La Fondation des Médias pour l’Afrique de l’Ouest (MFWA) est indignée par la détention de Kambou Ollo Mathias sur accusation de lèse-majesté, et appelle les autorités burkinabè à libérer immédiatement l’activiste tout en veillant au respect du droit à la liberté d’expression. 

L’activiste, connu sous le pseudonyme « Kamao », a été interpellé le 5 septembre 2022 par des gendarmes habillés en civil à la sortie d’une émission spéciale sur la radio Oméga, où il s’est prononcé sur le bilan de la transition qui a été présenté à la nation par le président de la junte au pouvoir, le Lieutenant-Colonel Paul-Henri Sandaogo Damiba. 

« Celui qui dit être une solution, se trouve être aujourd’hui le problème. Lui et son MPRS sont devenus un problème dans un problème. Qu’est-ce qu’ils ont fait quand ils sont arrivés ? C’est de la politique politicienne pure.  L’agenda qui s’est réalisé pendant ces 7 mois, ça été l’agenda de la réconciliation nationale, l’agenda de la diversion politique, rien de grand ne s’est focalisé sur la question sécuritaire », a déclaré Kamao en parlant des manquements de la junte face aux promesses du président. 

« Ce n’est pas un bilan qui a été fait hier, ce qui a été fait hier est une insulte au peuple burkinabè. On peut bien imaginer leur gène à faire un bilan parce que c’est un échec total », a renchérit l’activiste qui est membre du Balai Citoyen, un mouvement de la société civile revendiquant une « vraie démocratie au Burkina ». 

Kambou Ollo Mathias, également du mouvement Mobilisation des intelligences pour le Faso (M.I.Fa), a été placé sous mandat de dépôt à la Maison d’arrêt et de correction de Ouagadougou (MACO) le 6 septembre 2022 après présentation au procureur du Faso pour « outrage au Lieutenant-colonel Paul-Henri Damiba », le chef d’Etat militaire.  

Selon ses avocats, le militant est poursuivi pour « outrage au chef de l’Etat » concernant des propos similaires publiés sur les réseaux sociaux.  

L’arrestation de Kambou a suscité de vives critiques et un soulèvement généralisé. Son mouvement, le Balai Citoyen a manifesté et protesté le 6 septembre 2022 à Ouagadougou pour dénoncer et condamner son interpellation.  
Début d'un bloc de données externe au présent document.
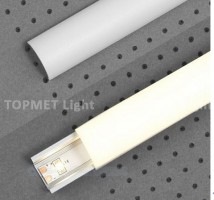 StrongLumio cover strip for profile Uni / Arc clip-on semicircular milky 2000mm
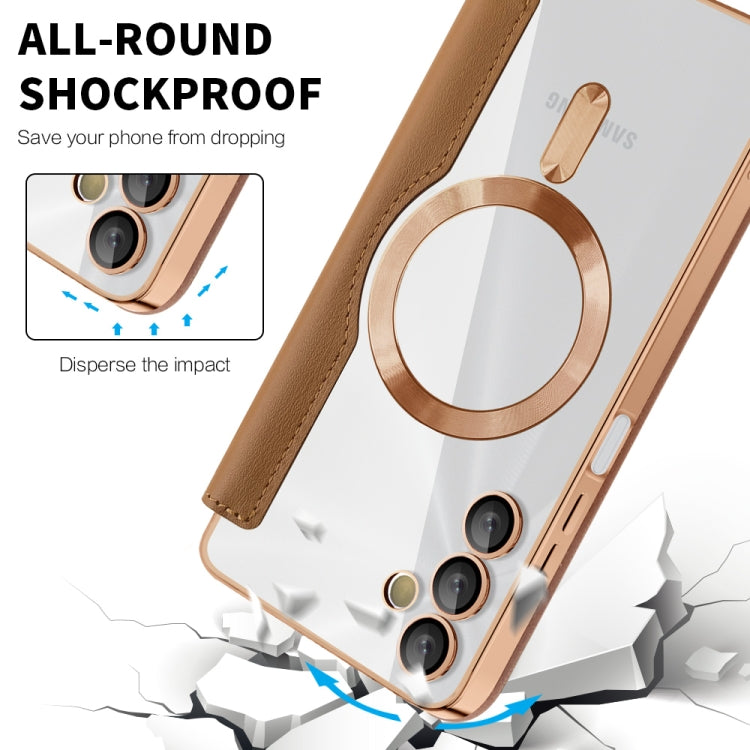 For Samsung Galaxy A05s Shield MagSafe RFID Anti-theft Rhombus Leather Phone Case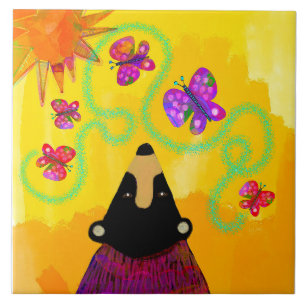 Bären und Schmetterlinge Fliese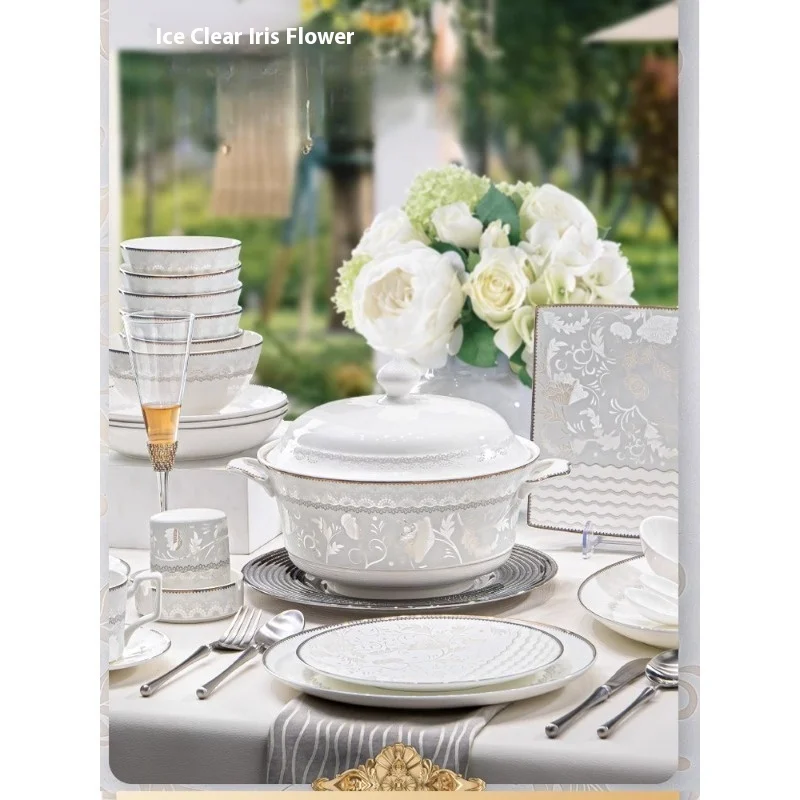 High Temperature Porcelain Tableware, Light Luxury, High-end Housewarming, High-end Dish Set, Wedding Gift 40-60 Pieces
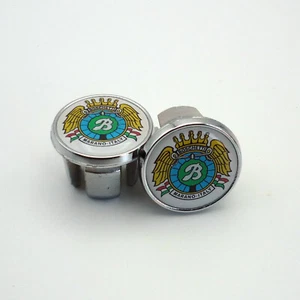 Vintage Style, Boschetti Marano, Italy, Chrome Racing Bar Plugs, Caps, Repro - Picture 1 of 3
Dans une publication sur la page Facebook du mouvement, Zinaba Rasmané, responsable de mobilisation au sein de la coordination nationale du Balai Citoyen, a déclaré que « Ces genres d’arrestation cavalières ne sont pas du fait des Républiques qui se respectent. On est porté de penser que c’est une manière de casser le rythme de la mobilisation aujourd’hui des masses populaires par rapport à tout ce que nous voyons en termes de ratés dans la gouvernance ».  
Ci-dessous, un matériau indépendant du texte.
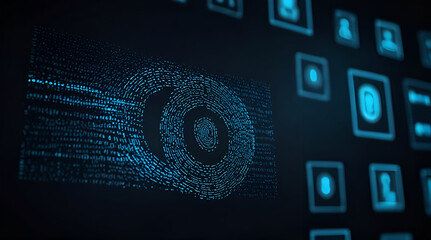 Blue fingerprint scan icon on virtual screen while finger scanning for security access with biometrics identification on dark. Cyber security, protection technology for business. ,generative.ai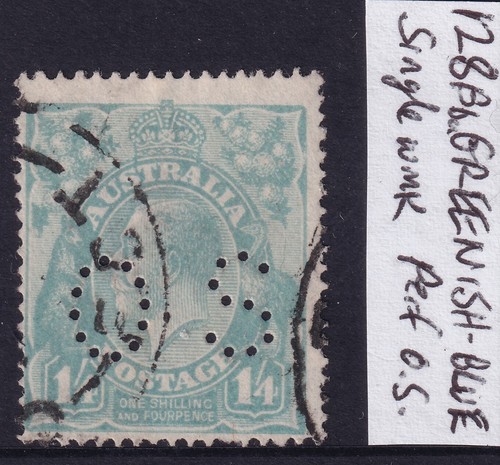 Australia KGV 1920, 1/-4d Turquoise, Single Wmk, Perf OS, BW128Bba, Used.
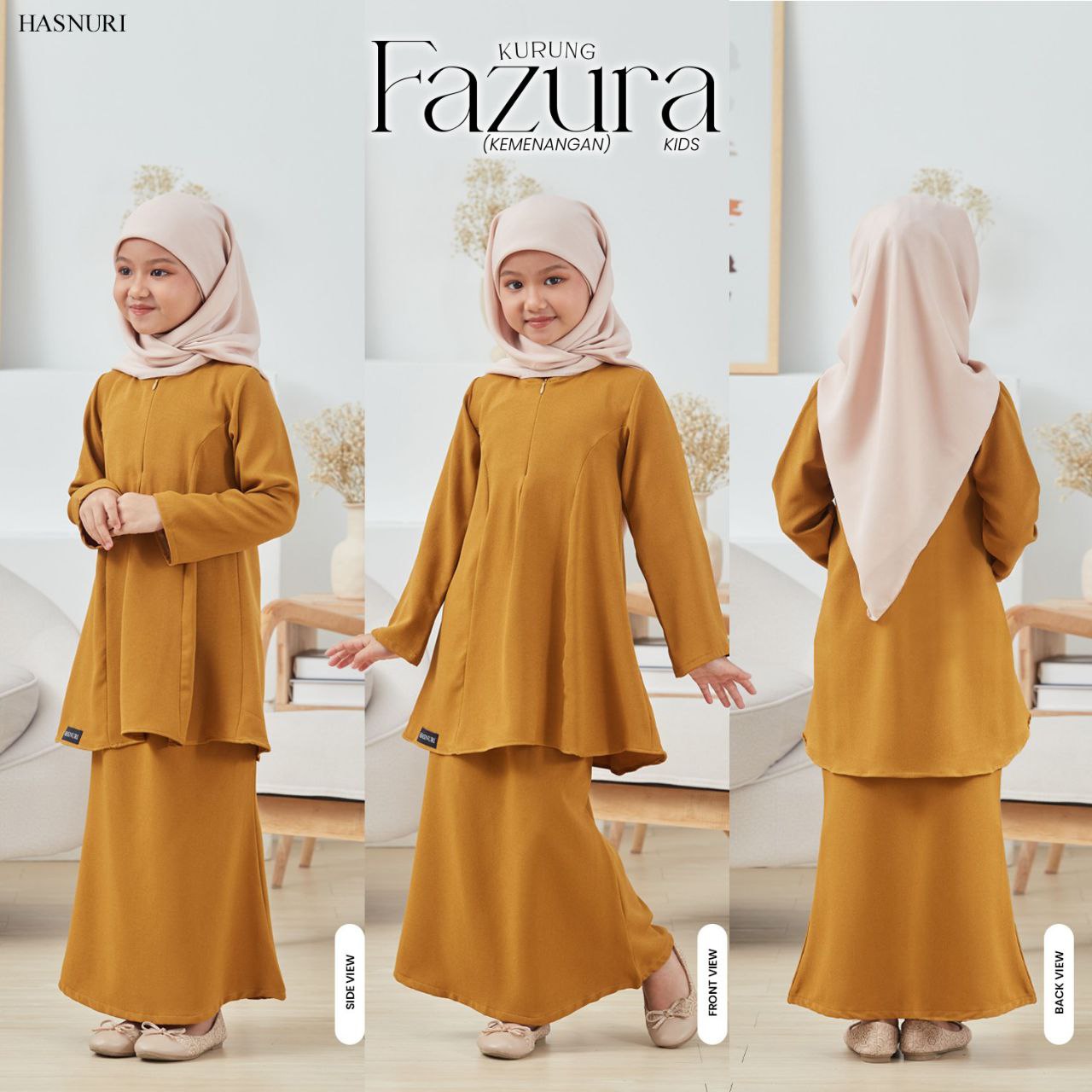 Kurung Fazura Kids - Dusty Pink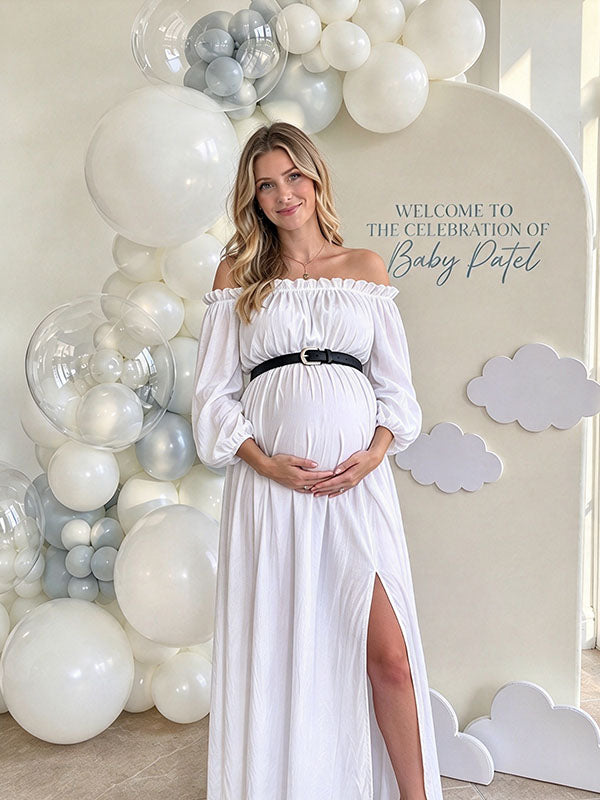 Crisp White Off-the-Shoulder Maternity Gown with Ruffled Neckline for Baby Shower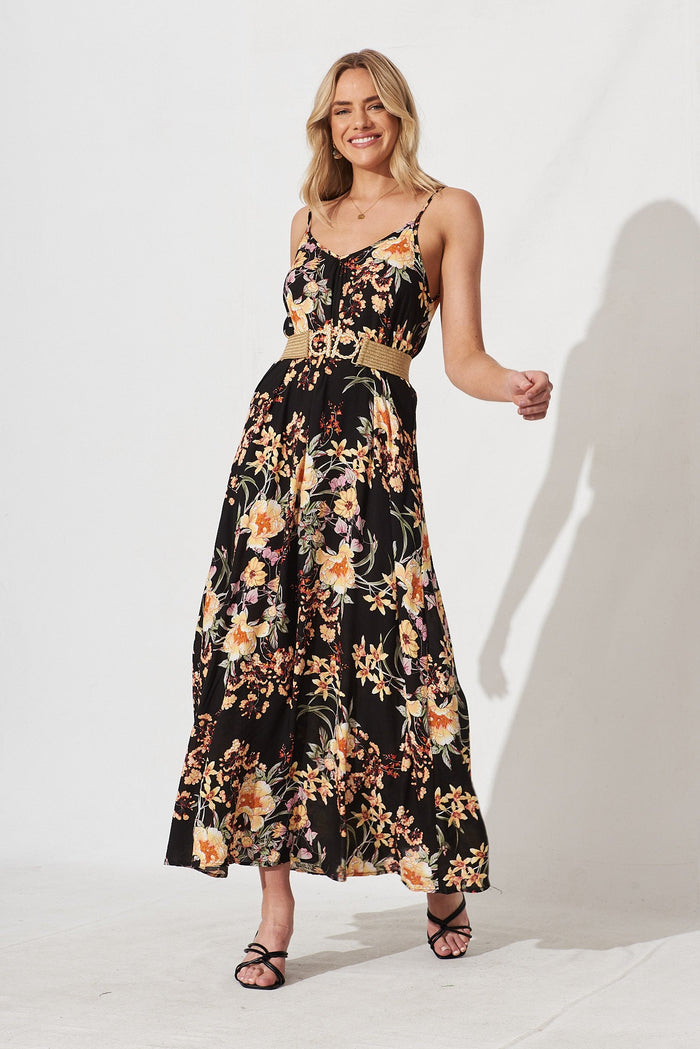 No Scrubs Maxi Dress In Black With Cream Floral - full length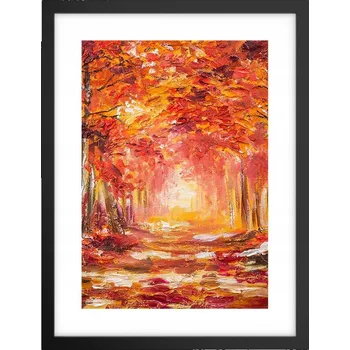 Obraz Obraz plakát v černém rámu do obýváku 30x40 podzimní foto plakáty na zeď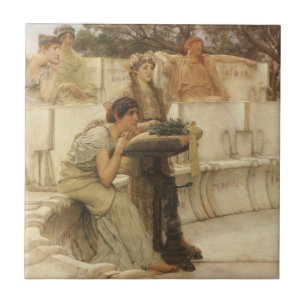 Sappho and Alcaeus by Sir Lawrence Alma Tadema Ceramic Tile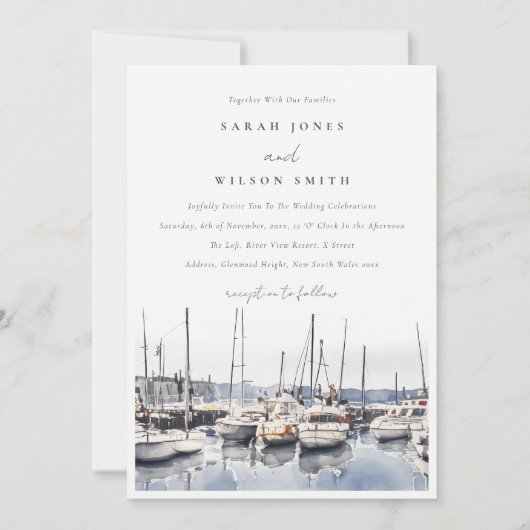 Gedempte kustboten bij Harbour Seascape Bruiloft Kaart (Voorkant)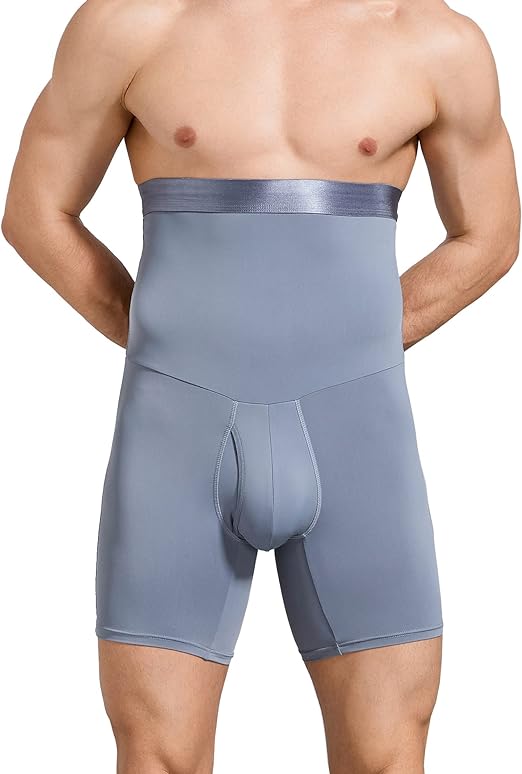Ouruikia Men's Tummy Control Shapewear High Waist Body Shaper Slimming Underwear Shorts Belly Girdle Boxer Briefs with Fly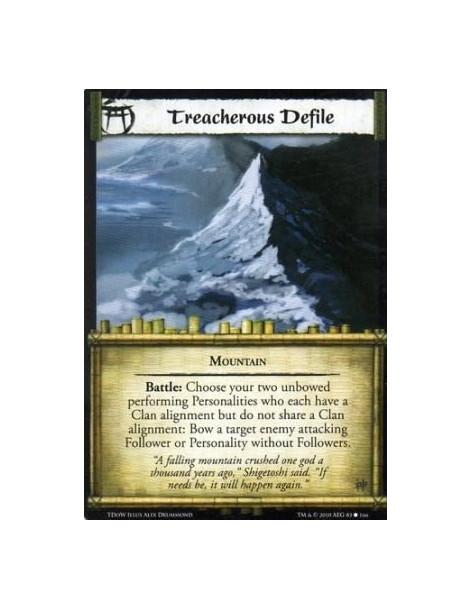 Treacherous Defile  - Mountain Battle: Choose your two unbowed performing Personalities who each have a Clan alignment but do no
Au cours d’une interview avec la MFWA, le Centre National de Presse Norbert Zongo (CNP-NZ), à travers son gestionnaire, Abdoulaye Diallo, a déclaré que cet incident est « dangereux pour les médias parce que les médias sont dans leur rôle de recevoir des invités, de commenter l’actualité. Si les gens doivent se faire enlever quand ils viennent aux émissions, c’est très dangereux. Personne ne voudra plus venir participer des émissions. C’est une violation de la liberté de la presse ».  
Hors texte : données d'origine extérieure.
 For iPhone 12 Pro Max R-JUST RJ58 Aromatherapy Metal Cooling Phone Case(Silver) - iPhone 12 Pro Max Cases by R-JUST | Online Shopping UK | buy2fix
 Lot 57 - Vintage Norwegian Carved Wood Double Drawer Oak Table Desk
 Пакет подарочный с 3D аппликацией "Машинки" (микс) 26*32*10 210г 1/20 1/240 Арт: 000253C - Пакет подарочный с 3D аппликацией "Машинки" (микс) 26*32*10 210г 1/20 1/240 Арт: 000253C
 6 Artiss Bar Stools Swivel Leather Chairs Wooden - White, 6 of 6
La MFWA est extrêmement préoccupée par la velléité de répression de la liberté d’expression de la part la junte au pouvoir. A titre de rappel, le 15 mars 2022, le gouvernement de la transition au Burkina Faso a menacé dans un communiqué fortement controversé qu’en « tout état de cause, Il n’y aura pas d’impunité pour les auteurs de publications et autres agissements à caractère subversif, portant atteinte à l’ordre public, à la cohésion sociale et au moral des troupes ».  

De plus, dans son discours du 4 septembre 2022, le président de la junte a également qualifié certains médias de dangereux outils de subversion qui balloteraient de toutes parts le peuple par des « officines obscures cachées derrière certaines technologies ». 

Nous exhortons vivement la junte au pouvoir à mettre fin aux intimidations des voix dissidentes dont les droits et libertés civiles fondamentales pourraient être fortement compromises. Cet incident qui suggère la suppression de la liberté d’expression et d’opinion marque d’un sceau indélébile l’état délétère de la démocratie dans le pays. 

En tout état de cause, les Loi N°059-2015/CNT et N°058-2015/CNT portant respectivement régime juridique de la radiodiffusion sonore et télévisuelle et régime juridique de la presse en ligne au Burkina Faso ne prévoient aucunement des peines privatives de liberté pour les charges portées contre Kamao.